When we don’t know what else to do…

Cuylar, my oldest son had been upping the ante all morning. It was a Saturday morning and the whole family wanted to use our time that day doing something fun. We planned on taking a little outing to the mountains but things were not going as planned. Cuylar had refused to do his chores while the rest of us were busy working away at the housework that needed to be done. His two younger brothers were engaged in scooping up their clothes off the floor, Mom was folding laundry and I was vacuuming. Cuylar was not interested in doing chores and he made that very apparent.

My wife and I went to our bag of parenting tricks. We let him know that he only needed to get his chores done if he wanted to go with us when we went on our adventure. We then continued doing our own chores. That was not going to cut it. What started as, “I’m not doing my chores” grew into his attempt to frustrate and tease his little brothers by keeping them from finishing theirs. He started to throw clothes that his brothers had just folded. He tried to stand in front of them to keep them from their tasks. Each time we tried to intervene, he just seemed to ramp things up a little more. Finally, I went into his room where he was grumbling on his bed and sat down on the floor cross-legged. This is where the bewilderment happened. When I said, “I don’t know what to do,” Cuylar stopped and sat still for a minute. He then wandered over to me as I sat on the floor and said, “What do you mean Dad?”

I asked him to sit with me. He plopped down on my lap and looked at me confused. I said, “Mom and me have tried everything we know how to do to help our chores go smoothly this morning. Chores aren’t going very well, and I just don’t know what to do to change things.” He sat in silence again for another minute and gave me the solution. He said, “Well, maybe if I help Eli and Berkeley clean up the things that I threw all over and say sorry to them, we can get things done pretty quickly and we can go play later.” I was the bewildered one now. I looked at him and said, “I think that’s a great idea bud.”

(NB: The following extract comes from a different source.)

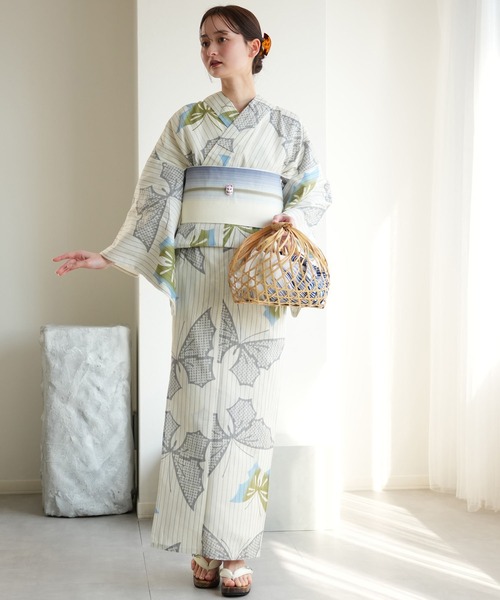 手染め注染浴衣3点セット utatane×注染工房 綿麻 等間しじら 風遊びの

He got up and completed his own chores and many of his brother’s chores. That day ended up great. The funny thing is that I don’t even remember the activity we did that afternoon. I only remember this teaching experience as clear as day. I remember the switch in my son’s countenance as I revealed to him that I didn’t know what to do. I remember how as soon as I stopped trying to force change, he took personal ownership and responsibility for his choices and behavior.

The Art and Skill of Not Knowing

When I started my masters degree, one of the first skills we were taught in regards to counseling others was the skill of “not knowing.” The first time I heard someone say that “not knowing” was a skill, I thought, “Wow, I’m pretty good at that and I’ve never even had any classes on it.”

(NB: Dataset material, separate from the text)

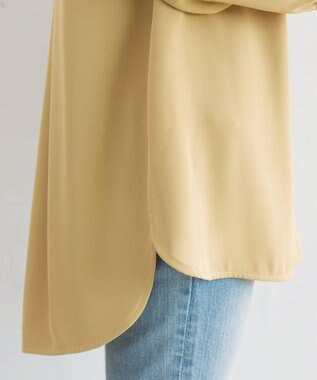 Tiaclasse L 【洗える】とろみシャツチュニック ライム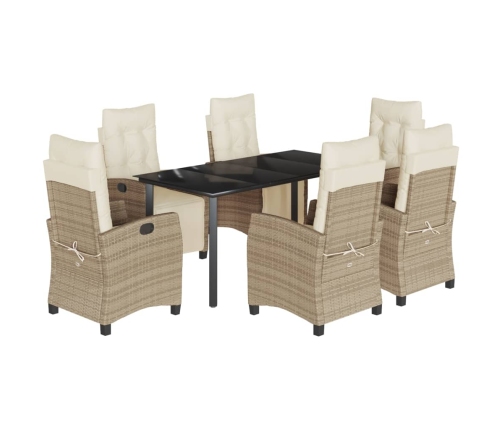 Set comedor de jardín 7 pzas con cojines ratán sintético beige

Not knowing is the ability to suspend what we think we know in order to gain new understanding and insight to solve problems. It gives us room to create new solutions instead of being bound by the way things ought to be.

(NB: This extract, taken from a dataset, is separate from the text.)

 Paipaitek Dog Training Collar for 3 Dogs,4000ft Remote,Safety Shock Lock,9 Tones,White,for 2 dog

Too often we feel like we have to know. We’re the parent. We’re supposed to know what to do, but the truth is that sometimes we don’t and that’s OK. That doesn’t mean we just give up and don’t learn new ways of interacting and improving. It just means that we realize that we don’t always have the answers and that can be an advantage to the process of connecting and problem solving with our kids. It releases us from demanding things. When we feel that their behavior demands that we tell them how to act or what to think, we can instead step back and reply, “What do you think you should do? How can I help you find the best solution for you?”

So the next time your child does something you just can’t understand and you just don’t know what to do, tell them. It just may be the thing that leads to your greatest discoveries with your kids.

Question: What other unexpected things have you found have helped you in parenting?